Mary engaged life richly. She was generally armed while she drank, joked, gambled, and fought in the saloons of Cascade. But she did not always resort to the gun. She probably endured many insults. And legend says that she answered with fists and head butts, and once with a perfect-sized rock that turned her fist into a hammer. An admiring report in the Great Falls Montana Examiner said that Mary had “broken more noses” than anyone in Montana.”92
Although we are always slightly skeptical of western tales of colorful characters (Mary reportedly kept a pet eagle) and prodigious marksmanship, there comes out of the saloons, where Mary drank shots and smoked foul cigars, another seemingly reliable report of her facing down a white cowpoke with her pistol. After some sort of insult led to drawn guns, Mary taught the fellow a lesson with a shot to the earlobe. Only Mary knew for sure whether that was the target.93
Age was no obvious regulator on Mary Fields. In 1901, at age seventy-two, now making a living doing laundry, Mary was passing the afternoon in a local saloon. She looked up from her whiskey to spy a fellow whose payment for laundry services was long overdue. She pursued the deadbeat down the street, spun him around, and knocked him flat on his back. Then, figuring the punch was worth two dollars, she leaned in and told the man to forget about the bill.

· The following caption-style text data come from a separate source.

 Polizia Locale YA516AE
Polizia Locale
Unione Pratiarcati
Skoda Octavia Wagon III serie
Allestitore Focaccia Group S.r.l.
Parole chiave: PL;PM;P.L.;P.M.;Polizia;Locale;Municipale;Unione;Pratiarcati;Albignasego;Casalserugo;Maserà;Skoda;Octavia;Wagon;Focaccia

Some men were rightly afraid of Mary Fields, and some surely despised the powerful black woman in their midst. But many people in Cascade, Montana, apparently loved her. She was caretaker for many kids around Cascade and was an ardent fan of the local baseball team. When her house burned down in 1912, townsfolk got together and built her a new one. One of the people who knew and admired her at the end of her life was Hollywood legend Gary Cooper, who quipped that Mary Fields was “one of the freest souls to ever draw breath . . . or a .38.”94
So what to make of this black woman who, at the low point of Negro life in America, strapped on a gun and rose to legend, fighting and beating white men in raw contests of violence. It is intriguing that her gunplay never provoked mobbing or backlash. Maybe she was so unusual that she is only some kind of exception that proves some general rule. Perhaps it is some version of the respect paid to those isolated souls who stand up under circumstances where there is no broader political threat. Maybe Mary Fields is like the Lumbee Indians, who routed Catfish Cole’s Klan rally in 1958, to the chuckles of the white establishment—no threat to the existing order so no need for the lynch mob.

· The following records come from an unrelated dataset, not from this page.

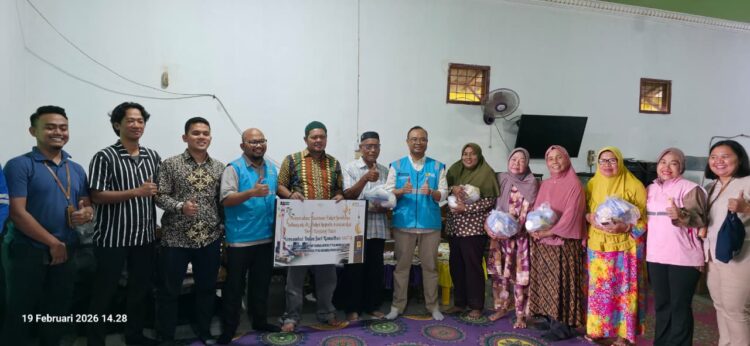 Ringankan Beban Warga Di Bulan Ramadhan, Indonesia Power Bagikan 185 Paket Sembako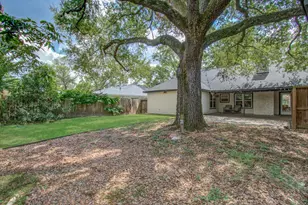 18006 Bambridge Dr, Houston, TX 77090 - Photo 40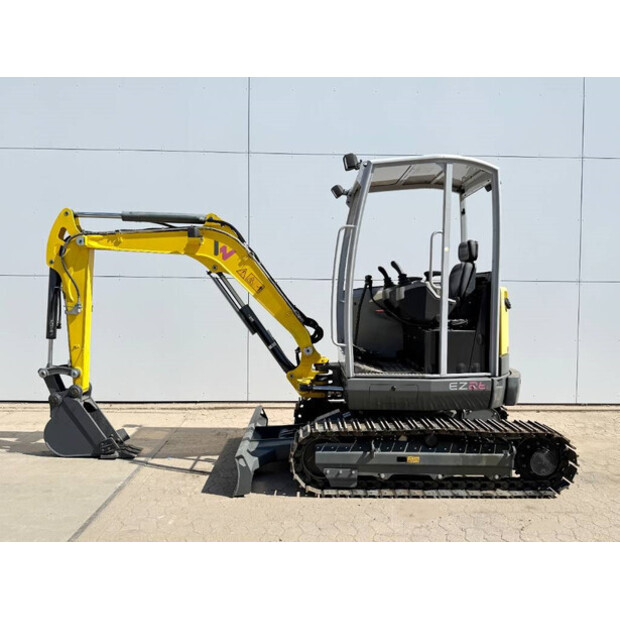 2020 واكر نيوسون EZ26-42062830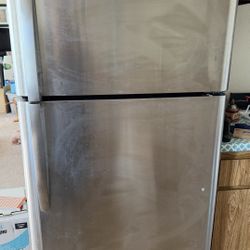 Frigidaire Refrigerator FFTR1821TSO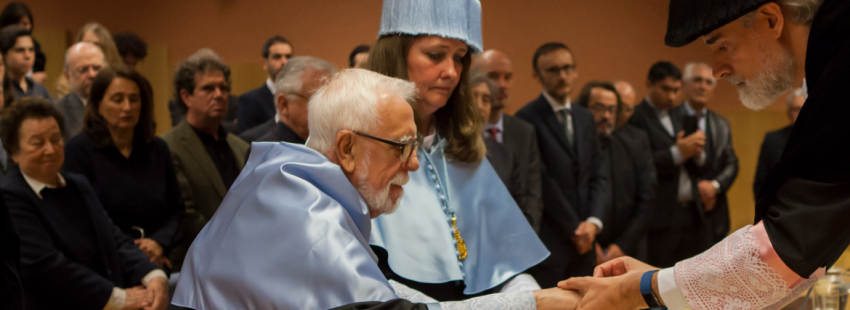 El jesuita Bartomeu Melià recibe el doctorado Honoris Causa de la Universidad Pontificia de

Fig. 4.9. Mary Fields in Cascade, Montana.
Consider, too, how within our broader matrix, the story of Black Mary fits against Martin Luther King’s assessment of individual self-defense. King said that standing up in self-defense might actually gain Negroes some level of respect and admiration for the courage it shows. And that is one way to understand the legend of Black Mary, who stood up alone against angry, violent men and bested them in fair fights. In that sense, it suggests something uplifting about America and signals some truth in the ideal of the American west, where personal courage and character mattered above all else.
All of this is contestable. But at the very least, Mary Fields demonstrates the complexity and diversity of the black experience and adds texture to our understanding of the black tradition of arms. Despite the overhanging threats of the era, black folk did not just wallow in despair, clutching guns. Within diverse constraints, they managed to live their lives. They raised and loved their children, worshiped God, feasted on Sunday; and many of them, on Saturday night, celebrated their pleasures with an intensity that rivaled the privileged classes.

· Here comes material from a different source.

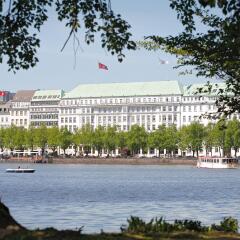 Fairmont Hotel Vier Jahreszeiten пляж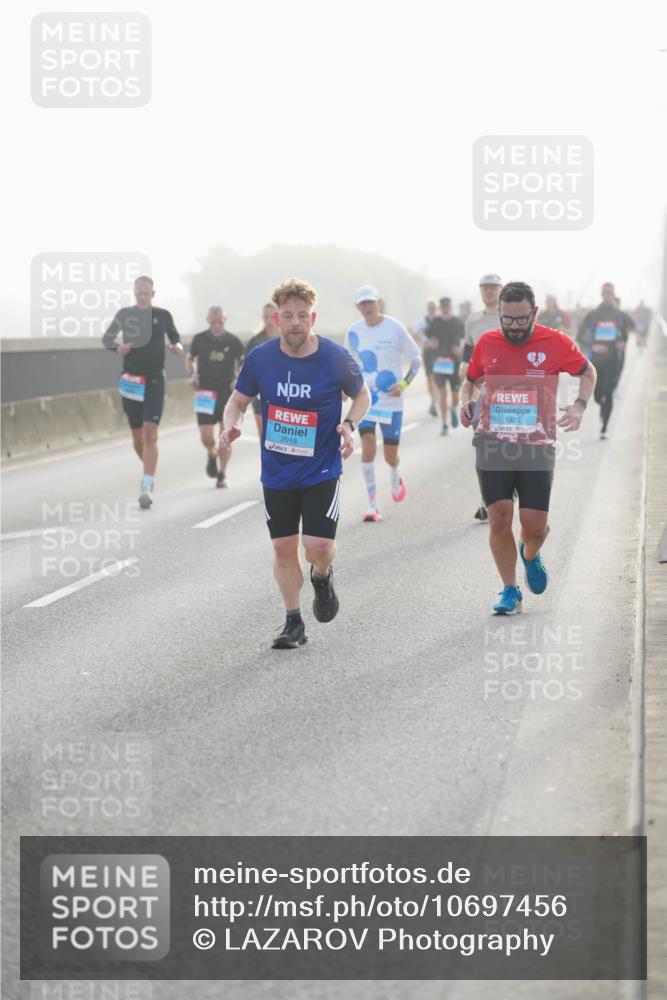 03.10.2026 - Köhlbrandbrückenlauf LAZAROV Photography http://msf.ph/oto/10697456 03.10.2026 09:16:32 Position 3 2018, 1325 meine-sportfotos.de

For some Negroes more than others it was possible to coexist peacefully, building friendships and allies at the edges of white society. For the right kind of Negro, under the right circumstances, white folk might even take their part against a white man. Even where that white man ended up dead. Shadrack “Buddie” Shang and Moses Fleetwood Walker were such men.
Moses Fleetwood Walker of the Syracuse Stars can be explained by the appeal of celebrity. He was a baseball player, a catcher, good enough to play in the early professional leagues. So when he killed a white man in 1891, fighting back against a violent attack, it was not startling when he was acquitted by a jury of white men who admired his prowess on the diamond.95 But how to explain Buddie Shang, fully named Shadrach Meshach Abed-Neo White? Born into slavery in Virginia around 1815, it is unclear how and when he picked up all the pieces of his prodigious appellation or when he began answering to the more easily navigated “Buddie Shang.”
Even before a Shelby County, Ohio, jury exonerated him in the shotgun killing of a white man, Buddie Shang had already completed a remarkable journey. Shang and his people walked free out of Virginia, well ahead of the Emancipation Proclamation, released from bondage in the will of their master, John Randolph. Legal squabbling cost them an extra thirteen years in slavery, as Randolph’s heirs contested the will. It occurred to no one that they might deserve compensation for those additional years under the yoke. When the courts finally upheld Randolph’s wishes, a bedraggled band of them struck out for Ohio, and the black settlement of Rumley.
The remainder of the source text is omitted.